Putting aside metaphysical concepts of soul infusion and the semantic question as to when a fetus becomes a human being, unquestionably it is an inchoate human being well along in its development at six months, sufficient, I think, to make out a prima facie case for continuing its life and sufficient to rebut the presumption that there was a rational basis for legislation which would take it away. In other words, the gravity of what is being done puts an end to the presumption and we are entitled to hear and evaluate the merits of the State’s position.

*333While it is customary to take a plaintiff at his word, in a case of such transcendent importance as this one is to the people of the entire State, and where the plaintiff is merely their representative in a class action, I believe that in good conscience we should not accept the plaintiff’s concession that there are no triable issues.

The Froessel Commission’s report, which appears to be the source of the 24-week viability test adopted by the Legislature as the outside limit for elective abortion, certainly furnished a rational basis for not going beyond that point, but it is by no means self-evident to me that there is a rational basis for waiting that long. Situations readily come to mind which might justify waiting beyond the first trimester to terminate a pregnancy, e.g., a late contraction of German measles by the mother causing a crippling malformation or mental defect in the fetus or an amniocentesis test for mongolism which proves positive after 18 weeks, etc., but I have seen no rational basis advanced or even alluded to for waiting six months for a purely elective abortion. Certainly it is nowhere recommended in the commission’s report.

I think a court must reject both extreme views which have been advanced. On the one hand, it cannot accept the concept that a woman, with or without State approval, may not under any circumstance terminate a pregnancy immediately after fertilization of an ovum because the chromosomal blueprint is present in that individual embryo. On the other hand, neither can I accept the reasoning that a 24-week fetus, which is in fact an almost fully formed baby with all its limbs and all its organs, has no standing to invoke the intervention of the court to save its life even if there be no compelling, rational reason to abort it.

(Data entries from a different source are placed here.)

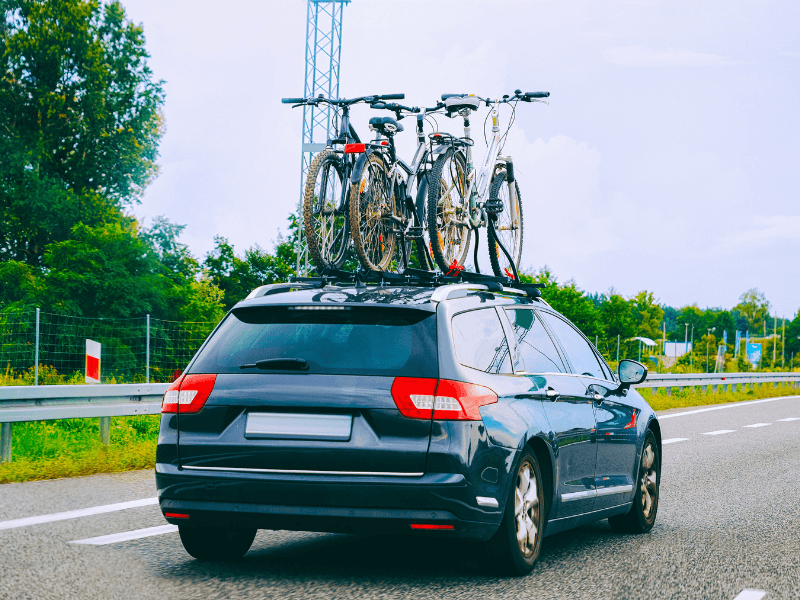 Tetőre szerelhető biciklitartó előnye és hátránya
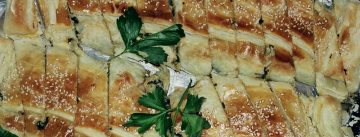 Teigspeise mit Sesam auf einem Silbertablett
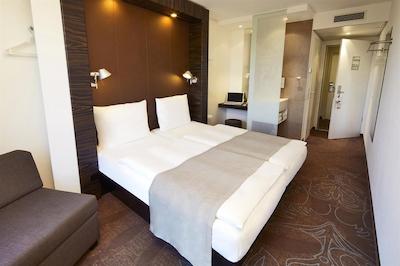 پرمیر کلاس دوسلدورف سیتی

That the founding fathers may not have been thinking specifically of infants en ventre sa mere when they adopted the Fifth Amendment to the Federal Constitution or that their successors may not have been mindful of that when they adopted the Fourteenth Amendment does not preclude our doing so; and in fact this was done with respect to a 32-week fetus in Raleigh-Fitkin-Paul Morgan Mem. Hosp. v. Anderson (42 N. J. 421, cert. den. sub nom. Anderson v. Raleigh Fitkin-Paul Morgan Mem. Hosp., 377 U. S. 985). I agree with that decision and with a similar ruling made with respect to late pregnancies in Hoener v. Bertinato (67 N. J. Super. 517).

The line of Federal cases which are almost equally divided on the constitutional right of a woman to determine whether to continue a pregnancy in its early stages in spite of State laws *334which purported to deny her that right is of limited usefulness to us here, where New York has accorded the right, and the challenge is whether it is unconstitutional to recognize it, rather than unconstitutional to take it away.

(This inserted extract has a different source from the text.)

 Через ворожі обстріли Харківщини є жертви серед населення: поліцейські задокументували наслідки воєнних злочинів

In sum, I would allow this case to proceed to trial, to ascertain whether in the light of current scientific and medical knowledge, and the sociological and economic problems with which the Legislature had to deal, there was a rationally sustainable basis for the course it took.

Rabin, P. J., Latham and Shapiro, JJ., concur with Christ, J.; Gulotta, J., dissents in part, in an opinion.

Order of the Supreme Court, Queens County, entered January 7, 1972, reversed, on the law, without costs; plaintiff’s motion for a preliminary injunction denied; cross motion of defendant New York City Health & Hospitals Corporation to vacate an order of the same court, entered December 3,1971, granted; and case remanded to the Special Term for entry of a judgment in favor of defendants declaring the rights of the parties.